DATA FOR PROCESSING START

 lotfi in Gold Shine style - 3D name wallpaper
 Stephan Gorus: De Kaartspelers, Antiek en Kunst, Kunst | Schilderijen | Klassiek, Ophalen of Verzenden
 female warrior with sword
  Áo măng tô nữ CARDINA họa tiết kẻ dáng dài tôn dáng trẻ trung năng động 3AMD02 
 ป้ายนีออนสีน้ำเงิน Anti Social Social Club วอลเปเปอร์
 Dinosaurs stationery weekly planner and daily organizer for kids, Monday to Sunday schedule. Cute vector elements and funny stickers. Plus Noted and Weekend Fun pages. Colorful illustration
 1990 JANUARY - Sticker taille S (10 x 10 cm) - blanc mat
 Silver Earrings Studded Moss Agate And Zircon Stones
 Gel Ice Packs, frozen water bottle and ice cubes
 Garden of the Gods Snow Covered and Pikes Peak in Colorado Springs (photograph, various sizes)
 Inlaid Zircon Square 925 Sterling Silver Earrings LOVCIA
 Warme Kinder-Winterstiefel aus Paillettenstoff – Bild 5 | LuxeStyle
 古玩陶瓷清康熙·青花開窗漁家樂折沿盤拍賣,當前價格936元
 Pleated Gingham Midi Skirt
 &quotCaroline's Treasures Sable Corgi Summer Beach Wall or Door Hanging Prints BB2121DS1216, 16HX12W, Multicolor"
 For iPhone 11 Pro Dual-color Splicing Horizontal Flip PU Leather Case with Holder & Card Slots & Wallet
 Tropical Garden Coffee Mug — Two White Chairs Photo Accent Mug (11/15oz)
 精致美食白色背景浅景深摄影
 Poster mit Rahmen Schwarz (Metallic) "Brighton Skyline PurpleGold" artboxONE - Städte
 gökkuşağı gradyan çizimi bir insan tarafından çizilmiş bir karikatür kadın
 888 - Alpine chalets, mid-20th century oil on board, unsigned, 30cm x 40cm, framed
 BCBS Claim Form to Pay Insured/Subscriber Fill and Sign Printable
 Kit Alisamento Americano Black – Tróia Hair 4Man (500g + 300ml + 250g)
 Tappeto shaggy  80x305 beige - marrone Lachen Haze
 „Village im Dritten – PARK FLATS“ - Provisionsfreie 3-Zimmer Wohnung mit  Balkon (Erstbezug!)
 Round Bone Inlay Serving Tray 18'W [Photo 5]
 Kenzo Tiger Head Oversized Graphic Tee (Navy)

DATA FOR PROCESSING END

### TASK DESCRIPTION
Each record must be output exactly, with none omitted.

### OUTPUT FOR THIS TASK
 lotfi in Gold Shine style - 3D name wallpaper
 Stephan Gorus: De Kaartspelers, Antiek en Kunst, Kunst | Schilderijen | Klassiek, Ophalen of Verzenden
 female warrior with sword
  Áo măng tô nữ CARDINA họa tiết kẻ dáng dài tôn dáng trẻ trung năng động 3AMD02 
 ป้ายนีออนสีน้ำเงิน Anti Social Social Club วอลเปเปอร์
 Dinosaurs stationery weekly planner and daily organizer for kids, Monday to Sunday schedule. Cute vector elements and funny stickers. Plus Noted and Weekend Fun pages. Colorful illustration
 1990 JANUARY - Sticker taille S (10 x 10 cm) - blanc mat
 Silver Earrings Studded Moss Agate And Zircon Stones
 Gel Ice Packs, frozen water bottle and ice cubes
 Garden of the Gods Snow Covered and Pikes Peak in Colorado Springs (photograph, various sizes)
 Inlaid Zircon Square 925 Sterling Silver Earrings LOVCIA
 Warme Kinder-Winterstiefel aus Paillettenstoff – Bild 5 | LuxeStyle
 古玩陶瓷清康熙·青花開窗漁家樂折沿盤拍賣,當前價格936元
 Pleated Gingham Midi Skirt
 &quotCaroline's Treasures Sable Corgi Summer Beach Wall or Door Hanging Prints BB2121DS1216, 16HX12W, Multicolor"
 For iPhone 11 Pro Dual-color Splicing Horizontal Flip PU Leather Case with Holder & Card Slots & Wallet
 Tropical Garden Coffee Mug — Two White Chairs Photo Accent Mug (11/15oz)
 精致美食白色背景浅景深摄影
 Poster mit Rahmen Schwarz (Metallic) "Brighton Skyline PurpleGold" artboxONE - Städte
 gökkuşağı gradyan çizimi bir insan tarafından çizilmiş bir karikatür kadın
 888 - Alpine chalets, mid-20th century oil on board, unsigned, 30cm x 40cm, framed
 BCBS Claim Form to Pay Insured/Subscriber Fill and Sign Printable
 Kit Alisamento Americano Black – Tróia Hair 4Man (500g + 300ml + 250g)
 Tappeto shaggy  80x305 beige - marrone Lachen Haze
 „Village im Dritten – PARK FLATS“ - Provisionsfreie 3-Zimmer Wohnung mit  Balkon (Erstbezug!)
 Round Bone Inlay Serving Tray 18'W [Photo 5]
 Kenzo Tiger Head Oversized Graphic Tee (Navy)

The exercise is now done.